本書は、電磁誘導の発見など顕著な業績を残した英国の物理学者マイケル・ファラデーによる、少年少女のためのクリスマス講演をまとめたもの。王立研究所の主催による講演で、1860年のクリスマス休暇の講演を元に、全6講で構成されている。

マイケル・ファラデー(1791-1867)は、貧しい家庭に生まれて製本職人見習いとして働いていたが、職場で製本された書籍を読んで科学の分野に惹かれていく。客の好意で王立研究所の講演会に参加して感激したファラデーは、その教授に弟子入りを志願して、雑用係として採用される。やがて実験助手から科学者になり、様々な発見をして王立研究所の所長になる。多くの業績の中でも、電子1mol(モル)あたりの電気量であるファラデー定数と、コンデンサの電気容量の単位F(ファラド)にその名を残している。

講演の冒頭でファラデーは、宇宙のすべてを支配する諸法則の中で、ロウソクが燃える現象に何らかの役割を果たしていないもの、また何らかの関係を持っていないものはないと述べる。そうして燃えるロウソクを題材に取って、少年少女に向けて様々な実験を行っていく。炎の形・明るさの観察から始まり、燃えるためには空気が必要なこと、燃焼して出て来る気体の分析、同じ気体をボルタの電池を用いて電気分解で作り出すこと、さらにはロウソクの燃焼が人体の生命系に類似していることまで行きつく。その実験の内容は、多くが現在でも小中・高等学校で行われているお馴染みのものである。

そして、講演の最後でファラデーは若い聴衆に語りかける。「ロウソクのように光り輝いてください。

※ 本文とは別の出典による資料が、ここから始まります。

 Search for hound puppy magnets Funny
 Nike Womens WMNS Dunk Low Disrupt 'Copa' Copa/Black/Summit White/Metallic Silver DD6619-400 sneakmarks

全ての行動において、人類に対する義務の遂行において、正しく有益に行って、世界を照らす人になってください」と。

彼が研究所長になってから力を入れたことの一つが、講演会によって研究を社会に開かれたものにすることだった。特に少年少女のためのクリスマス講演会は、19回も自ら講師を勤めるほど熱心に行った。本書の刊行に際して、これまで子どもたちに話をするのが本当に楽しかったと語っている。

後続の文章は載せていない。